● **What to work on**: Return all lines in the material below that contain "sale".

● **Available data**:
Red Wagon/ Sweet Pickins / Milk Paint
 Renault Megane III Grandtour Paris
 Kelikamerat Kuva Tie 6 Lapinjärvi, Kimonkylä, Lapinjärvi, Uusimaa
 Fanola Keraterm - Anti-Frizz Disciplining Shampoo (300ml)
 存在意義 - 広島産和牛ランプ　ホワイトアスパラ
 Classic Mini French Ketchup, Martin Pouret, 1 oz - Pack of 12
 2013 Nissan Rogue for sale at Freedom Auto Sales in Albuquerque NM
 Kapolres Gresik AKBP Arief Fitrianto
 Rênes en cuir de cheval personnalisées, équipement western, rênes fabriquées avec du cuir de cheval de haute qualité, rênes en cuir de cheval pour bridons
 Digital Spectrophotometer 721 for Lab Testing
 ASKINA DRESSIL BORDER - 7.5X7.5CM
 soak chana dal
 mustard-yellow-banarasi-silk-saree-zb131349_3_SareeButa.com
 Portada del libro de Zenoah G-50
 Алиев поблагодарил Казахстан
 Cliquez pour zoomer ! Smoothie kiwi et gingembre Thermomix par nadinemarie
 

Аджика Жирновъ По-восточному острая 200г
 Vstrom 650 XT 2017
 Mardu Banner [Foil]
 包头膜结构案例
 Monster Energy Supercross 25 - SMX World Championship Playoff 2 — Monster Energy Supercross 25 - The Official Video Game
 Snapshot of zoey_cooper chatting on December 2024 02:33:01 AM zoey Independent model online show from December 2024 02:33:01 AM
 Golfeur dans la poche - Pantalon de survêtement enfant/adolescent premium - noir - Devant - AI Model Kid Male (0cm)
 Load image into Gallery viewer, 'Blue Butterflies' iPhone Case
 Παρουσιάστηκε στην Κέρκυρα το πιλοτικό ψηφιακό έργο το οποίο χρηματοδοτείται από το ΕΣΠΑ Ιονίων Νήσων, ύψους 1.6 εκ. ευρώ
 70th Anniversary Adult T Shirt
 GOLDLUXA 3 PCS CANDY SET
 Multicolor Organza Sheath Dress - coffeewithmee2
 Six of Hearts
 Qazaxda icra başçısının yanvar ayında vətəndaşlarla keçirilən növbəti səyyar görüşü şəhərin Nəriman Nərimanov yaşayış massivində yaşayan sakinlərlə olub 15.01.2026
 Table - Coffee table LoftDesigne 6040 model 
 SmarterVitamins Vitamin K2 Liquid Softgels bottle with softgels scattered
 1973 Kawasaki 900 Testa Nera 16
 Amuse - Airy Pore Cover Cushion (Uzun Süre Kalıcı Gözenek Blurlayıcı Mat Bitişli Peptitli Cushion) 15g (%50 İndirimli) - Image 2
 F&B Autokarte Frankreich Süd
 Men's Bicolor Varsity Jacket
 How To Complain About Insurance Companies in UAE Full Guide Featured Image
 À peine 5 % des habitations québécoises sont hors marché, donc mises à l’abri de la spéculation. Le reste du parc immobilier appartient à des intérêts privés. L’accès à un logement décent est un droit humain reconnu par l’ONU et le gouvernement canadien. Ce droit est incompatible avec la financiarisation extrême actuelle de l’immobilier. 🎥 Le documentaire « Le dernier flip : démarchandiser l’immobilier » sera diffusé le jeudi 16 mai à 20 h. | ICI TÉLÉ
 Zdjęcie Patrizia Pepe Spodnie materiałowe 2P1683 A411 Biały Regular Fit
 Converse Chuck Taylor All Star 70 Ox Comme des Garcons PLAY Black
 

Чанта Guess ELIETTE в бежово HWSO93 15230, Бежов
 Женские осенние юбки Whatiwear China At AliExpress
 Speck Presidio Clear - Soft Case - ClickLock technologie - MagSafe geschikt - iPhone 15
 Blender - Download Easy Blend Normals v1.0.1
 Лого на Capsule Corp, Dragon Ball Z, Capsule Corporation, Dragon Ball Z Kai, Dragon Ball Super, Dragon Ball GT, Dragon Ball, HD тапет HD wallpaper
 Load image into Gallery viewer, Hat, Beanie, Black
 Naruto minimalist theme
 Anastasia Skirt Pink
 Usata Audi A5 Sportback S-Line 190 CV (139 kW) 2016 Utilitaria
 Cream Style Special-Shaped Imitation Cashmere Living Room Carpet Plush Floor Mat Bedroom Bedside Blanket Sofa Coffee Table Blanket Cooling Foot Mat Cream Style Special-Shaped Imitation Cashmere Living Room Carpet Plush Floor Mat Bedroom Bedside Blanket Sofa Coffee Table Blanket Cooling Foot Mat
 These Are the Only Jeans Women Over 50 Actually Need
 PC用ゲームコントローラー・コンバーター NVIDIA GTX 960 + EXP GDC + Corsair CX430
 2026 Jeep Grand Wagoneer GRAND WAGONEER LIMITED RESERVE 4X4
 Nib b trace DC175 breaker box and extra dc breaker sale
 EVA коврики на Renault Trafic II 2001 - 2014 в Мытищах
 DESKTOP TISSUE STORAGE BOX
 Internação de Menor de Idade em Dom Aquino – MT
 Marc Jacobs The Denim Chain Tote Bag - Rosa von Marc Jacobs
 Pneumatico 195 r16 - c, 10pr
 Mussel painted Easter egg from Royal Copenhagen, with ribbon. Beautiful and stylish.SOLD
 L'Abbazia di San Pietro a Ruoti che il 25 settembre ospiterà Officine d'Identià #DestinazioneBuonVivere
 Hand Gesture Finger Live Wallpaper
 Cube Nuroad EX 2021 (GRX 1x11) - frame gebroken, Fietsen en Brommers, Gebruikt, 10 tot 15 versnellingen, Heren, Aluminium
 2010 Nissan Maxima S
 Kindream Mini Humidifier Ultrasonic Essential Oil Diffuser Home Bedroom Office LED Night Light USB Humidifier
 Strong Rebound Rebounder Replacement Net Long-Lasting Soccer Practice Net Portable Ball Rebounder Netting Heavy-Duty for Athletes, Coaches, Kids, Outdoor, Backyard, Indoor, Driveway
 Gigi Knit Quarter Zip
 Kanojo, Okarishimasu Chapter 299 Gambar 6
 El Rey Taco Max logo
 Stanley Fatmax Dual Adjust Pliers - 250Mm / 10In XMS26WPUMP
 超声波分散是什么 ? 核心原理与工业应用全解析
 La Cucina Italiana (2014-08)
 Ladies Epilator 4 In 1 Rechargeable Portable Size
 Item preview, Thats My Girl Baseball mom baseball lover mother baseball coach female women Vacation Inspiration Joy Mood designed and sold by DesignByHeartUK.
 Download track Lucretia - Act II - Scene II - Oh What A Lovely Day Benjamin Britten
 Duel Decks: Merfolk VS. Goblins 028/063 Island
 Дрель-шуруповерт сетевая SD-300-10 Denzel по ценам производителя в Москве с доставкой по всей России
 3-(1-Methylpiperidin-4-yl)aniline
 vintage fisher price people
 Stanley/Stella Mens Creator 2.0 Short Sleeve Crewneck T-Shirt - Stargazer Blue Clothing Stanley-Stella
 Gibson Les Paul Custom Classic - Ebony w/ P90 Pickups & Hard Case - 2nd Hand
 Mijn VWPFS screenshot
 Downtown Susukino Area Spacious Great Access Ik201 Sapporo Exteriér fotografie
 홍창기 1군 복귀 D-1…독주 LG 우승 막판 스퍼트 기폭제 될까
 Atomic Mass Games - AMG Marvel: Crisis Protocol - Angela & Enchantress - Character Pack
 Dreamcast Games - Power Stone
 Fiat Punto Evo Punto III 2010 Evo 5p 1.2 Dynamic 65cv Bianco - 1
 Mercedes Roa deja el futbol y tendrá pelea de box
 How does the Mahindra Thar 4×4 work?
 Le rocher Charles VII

● **Result**:
 2013 Nissan Rogue for sale at Freedom Auto Sales in Albuquerque NM
 Nib b trace DC175 breaker box and extra dc breaker sale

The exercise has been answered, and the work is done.